La recherche musicale de Nola Cherri porte sur la transformation du son, en partant de sa forme acoustique pour le faire évoluer vers une forme “afro-techno-expérimentale”. D’une matière première dont elle travaille la forme (elle est aussi plasticienne), sort des sons d'usines. Ces bouts de morceaux viennent d'un processus de travail à la chaîne (portée par des rythmiques très basiques), mais aussi du fonctionnement d’une machine à coudre, du fil qui se tord sous la pression de l’aiguille, ou de la peau qui se tend une fois tannée. Le vêtement est une seconde peau, il parle pour nous, de notre identité, de qui nous décidons d'être. Prêcheuse incorruptible de friperie, Nola voit en l'upcycling une façon de briser la chaîne du capitalisme et de l'industrialisation du textile, qui font des dégâts aussi bien humains qu'écologiques.

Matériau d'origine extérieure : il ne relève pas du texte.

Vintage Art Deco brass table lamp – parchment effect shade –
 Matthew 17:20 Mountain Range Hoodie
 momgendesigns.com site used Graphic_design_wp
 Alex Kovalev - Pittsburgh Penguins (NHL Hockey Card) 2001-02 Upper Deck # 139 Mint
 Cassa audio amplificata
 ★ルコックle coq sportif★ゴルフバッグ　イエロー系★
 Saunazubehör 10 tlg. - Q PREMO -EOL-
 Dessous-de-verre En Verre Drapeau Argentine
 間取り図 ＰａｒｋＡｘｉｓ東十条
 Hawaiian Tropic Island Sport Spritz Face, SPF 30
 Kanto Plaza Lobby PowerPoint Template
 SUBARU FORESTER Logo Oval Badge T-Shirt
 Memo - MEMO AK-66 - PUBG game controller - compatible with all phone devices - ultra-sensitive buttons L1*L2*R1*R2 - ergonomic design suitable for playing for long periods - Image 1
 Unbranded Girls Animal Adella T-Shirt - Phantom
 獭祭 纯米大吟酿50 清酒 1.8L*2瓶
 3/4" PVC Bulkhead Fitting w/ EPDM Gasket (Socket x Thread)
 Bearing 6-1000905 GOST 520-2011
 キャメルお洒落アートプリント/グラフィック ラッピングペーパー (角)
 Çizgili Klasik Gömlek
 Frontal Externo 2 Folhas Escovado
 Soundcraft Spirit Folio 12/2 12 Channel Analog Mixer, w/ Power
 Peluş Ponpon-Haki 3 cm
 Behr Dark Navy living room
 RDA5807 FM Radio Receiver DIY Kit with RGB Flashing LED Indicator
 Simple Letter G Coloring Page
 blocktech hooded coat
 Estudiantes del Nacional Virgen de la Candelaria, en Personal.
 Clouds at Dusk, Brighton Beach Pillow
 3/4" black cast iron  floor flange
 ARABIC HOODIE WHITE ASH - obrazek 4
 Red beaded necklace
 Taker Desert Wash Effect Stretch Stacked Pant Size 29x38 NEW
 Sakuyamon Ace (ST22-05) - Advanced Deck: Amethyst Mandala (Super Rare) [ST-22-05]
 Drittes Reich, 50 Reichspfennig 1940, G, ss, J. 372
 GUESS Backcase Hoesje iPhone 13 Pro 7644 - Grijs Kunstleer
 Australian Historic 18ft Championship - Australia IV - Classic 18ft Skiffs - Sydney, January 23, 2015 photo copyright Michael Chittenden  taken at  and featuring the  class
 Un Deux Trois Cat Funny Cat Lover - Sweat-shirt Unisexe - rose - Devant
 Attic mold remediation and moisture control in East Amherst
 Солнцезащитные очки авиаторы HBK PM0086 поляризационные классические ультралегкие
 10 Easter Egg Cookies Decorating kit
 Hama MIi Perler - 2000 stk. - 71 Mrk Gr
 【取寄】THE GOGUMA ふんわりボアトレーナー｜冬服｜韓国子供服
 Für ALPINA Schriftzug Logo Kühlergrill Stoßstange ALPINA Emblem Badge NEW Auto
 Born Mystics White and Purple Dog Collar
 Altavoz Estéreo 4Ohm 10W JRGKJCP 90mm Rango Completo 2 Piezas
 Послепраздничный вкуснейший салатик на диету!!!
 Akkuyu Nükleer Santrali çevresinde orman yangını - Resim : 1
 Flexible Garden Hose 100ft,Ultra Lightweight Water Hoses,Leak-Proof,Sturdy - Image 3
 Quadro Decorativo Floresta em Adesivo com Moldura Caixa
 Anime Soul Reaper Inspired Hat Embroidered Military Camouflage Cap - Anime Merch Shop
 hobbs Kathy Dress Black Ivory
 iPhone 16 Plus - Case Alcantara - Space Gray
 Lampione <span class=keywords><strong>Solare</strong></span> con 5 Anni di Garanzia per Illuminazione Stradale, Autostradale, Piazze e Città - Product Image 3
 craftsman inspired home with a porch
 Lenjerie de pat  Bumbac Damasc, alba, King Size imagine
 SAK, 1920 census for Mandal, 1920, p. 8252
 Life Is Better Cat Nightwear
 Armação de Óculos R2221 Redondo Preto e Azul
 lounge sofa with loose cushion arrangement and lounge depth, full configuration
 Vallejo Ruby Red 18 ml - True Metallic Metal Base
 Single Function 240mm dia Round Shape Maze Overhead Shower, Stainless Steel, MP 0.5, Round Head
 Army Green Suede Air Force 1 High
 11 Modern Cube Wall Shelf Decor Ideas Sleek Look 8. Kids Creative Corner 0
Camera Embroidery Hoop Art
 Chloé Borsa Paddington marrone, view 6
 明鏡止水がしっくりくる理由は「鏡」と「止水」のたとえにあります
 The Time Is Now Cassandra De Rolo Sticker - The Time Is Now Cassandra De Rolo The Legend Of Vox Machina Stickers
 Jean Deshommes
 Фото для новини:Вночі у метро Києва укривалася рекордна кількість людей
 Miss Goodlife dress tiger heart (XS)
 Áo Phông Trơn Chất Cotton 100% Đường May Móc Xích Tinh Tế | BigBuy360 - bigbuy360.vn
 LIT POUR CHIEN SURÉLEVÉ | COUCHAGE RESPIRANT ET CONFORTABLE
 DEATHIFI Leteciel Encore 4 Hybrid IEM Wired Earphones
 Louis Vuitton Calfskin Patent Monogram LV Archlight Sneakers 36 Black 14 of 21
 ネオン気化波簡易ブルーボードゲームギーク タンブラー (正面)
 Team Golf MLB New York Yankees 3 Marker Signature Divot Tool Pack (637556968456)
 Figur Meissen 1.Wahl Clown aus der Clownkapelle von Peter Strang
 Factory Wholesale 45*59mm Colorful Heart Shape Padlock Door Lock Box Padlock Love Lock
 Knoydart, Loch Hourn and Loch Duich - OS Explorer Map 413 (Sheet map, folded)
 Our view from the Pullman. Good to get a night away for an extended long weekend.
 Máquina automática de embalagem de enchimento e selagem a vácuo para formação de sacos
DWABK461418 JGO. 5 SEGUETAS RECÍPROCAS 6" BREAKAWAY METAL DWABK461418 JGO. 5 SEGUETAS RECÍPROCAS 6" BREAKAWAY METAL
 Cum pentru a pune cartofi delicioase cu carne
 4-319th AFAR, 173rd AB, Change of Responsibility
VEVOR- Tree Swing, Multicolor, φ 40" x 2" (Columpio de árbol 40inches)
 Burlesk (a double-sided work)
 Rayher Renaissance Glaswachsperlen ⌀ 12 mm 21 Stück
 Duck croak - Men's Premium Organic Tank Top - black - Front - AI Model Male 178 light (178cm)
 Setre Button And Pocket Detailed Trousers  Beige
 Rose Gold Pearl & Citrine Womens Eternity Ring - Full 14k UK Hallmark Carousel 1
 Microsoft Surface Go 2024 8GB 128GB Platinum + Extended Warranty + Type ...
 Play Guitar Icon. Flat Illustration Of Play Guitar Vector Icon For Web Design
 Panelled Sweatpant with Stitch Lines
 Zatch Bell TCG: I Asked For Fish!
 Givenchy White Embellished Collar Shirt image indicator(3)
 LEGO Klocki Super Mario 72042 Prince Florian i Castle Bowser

Nola Cherri sur Soundcloud

Épisode 3

Food care in time of crisis avec Ashna Afroze Ahmed

Ashna Afroze Ahmed est agricultrice urbaine et fondatrice de Prakriti Farming. Son activité est portée par sa conviction qu’une agriculture durable et un mode de vie sain donneront à une nouvelle génération, saine et en bonne santé, la capacité de faire prospérer et de pérenniser la sécurité alimentaire sur le long terme. Depuis les débuts de Prakriti Farming en 2017, elle a aidé un grand nombre de fermes urbaines à voir le jour dans la ville de Dhaka et dans d’autres espaces périurbains. Ashna Afroze Ahmed est membre de la World Food Bank, de l’American Urban Farming Forum et de l’Indian Permaculture Institute (IPC). Elle possède également une page Facebook, MummyYummy, où elle diffuse des recettes pour aider les parents à donner une alimentation saine à leurs enfants. Elle a été une membre active du Singapore, Malaysia and Bangkok Urban Farming Forum. Une autre facette de son activité inclut un projet d’agriculture communautaire, qui vise à produire une nourriture ayant poussé de manière naturelle, à former au micro-entreprenariat les agricuteur·ice·s, à créer des réseaux de distribution pour les cultivateur·ice·s de sa communauté, et à établir des barèmes de prix équitables et abordables pour le·la consommateur·ice urbain·e. En 2019 elle a reçu le 1er prix au Top 5 des femmes entrepreneures, décerné par la World bank, IFC au cours de l'événement Strengthening Market access for women business owners. Avant de lancer Prakriti Farming, Ashna Afroze Ahmed a travaillé pour des entreprises locales et multinationales actives dans la gestion de projets, le business development, les ventes et le marketing. Elle a travaillé pour Chevron Bangladesh (pétrole & gaz) et Beximco Media. Elle a aussi été éditrice pour Bangladesh Brand Forum Magazine, ainsi que chercheuse et chargée de communication pour Marketing Firmin UK. Ashna Afroze Ahmed est diplômée de l’Université de Delhi.

prakritifarming.com

Skye Arundhati Thomas est autrice et éditrice dans la ville de Mumbai, en Inde. Elle a écrit pour des périodiques comme The London Review of Books, Artforum et Frieze, parmi d’autres publications. Elle est rédactrice en chef de Akademi Mag et éditrice pour The White Review. Son travail se focalise sur la politique contemporaine, la culture et l’histoire de l’Asie du sud. Dans sa pratique romanesque, elle travaille le portrait et aborde les notions de vulnérabilité et de tendresse.